Zhaohuan Zhu, Lee Hartmann, Richard P. Nelson, Charles F. Gammie
We present two-dimensional hydrodynamic simulations of self-gravitating
protostellar disks subject to axisymmetric infall from envelopes and
irradiation from the central star, to explore disk fragmentation due to
gravitational instability (GI), and the fragmented clump evolution. We assume
that the disk is built gradually and smoothly by the infall, resulting in good
numerical convergence. We confirm that for disks around solar-mass stars,
infall at high rates at radii beyond ~50 AU leads to disk fragmentation. At
lower infall rates <1e-5 Msun/yr, however, irradiation suppresses
fragmentation. We find that, once formed, the fragments or clumps migrate
inward on typical type-I time scales of ~2e3 yr initially, but later migration
deviates from the type-I time scale when the clump becomes more massive than
the local disk mass, and/or when they starts to open gaps.
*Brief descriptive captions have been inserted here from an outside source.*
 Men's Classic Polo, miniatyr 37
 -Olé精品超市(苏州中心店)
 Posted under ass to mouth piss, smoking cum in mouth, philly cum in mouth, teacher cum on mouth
As they migrate, the
clumps accrete from the disk at a rate 1e-3 to 1e-1 MJupiter/yr, consistent
with analytic estimates that assume a 1-2 Hill radii cross section. Most clumps
can grow to their isolation masses >0.1 Msun quickly. The eventual fates of
these clumps, however, diverges depending on the migration speed: 3 out of 13
clumps become massive enough (brown dwarf mass) to open gaps in the disk and
essentially stop migrating; 4 are tidally destroyed during inward migration; 6
migrate across the inner simulated disk boundary. A simple analytic model for
clump evolution is derived to explain these different fates. Overall, our
results indicate that fast migration, accretion, and tidal destruction of the
clumps pose challenges to the scenario of giant planet formation by GI in situ,
but may provide a formation mechanism for close binary systems.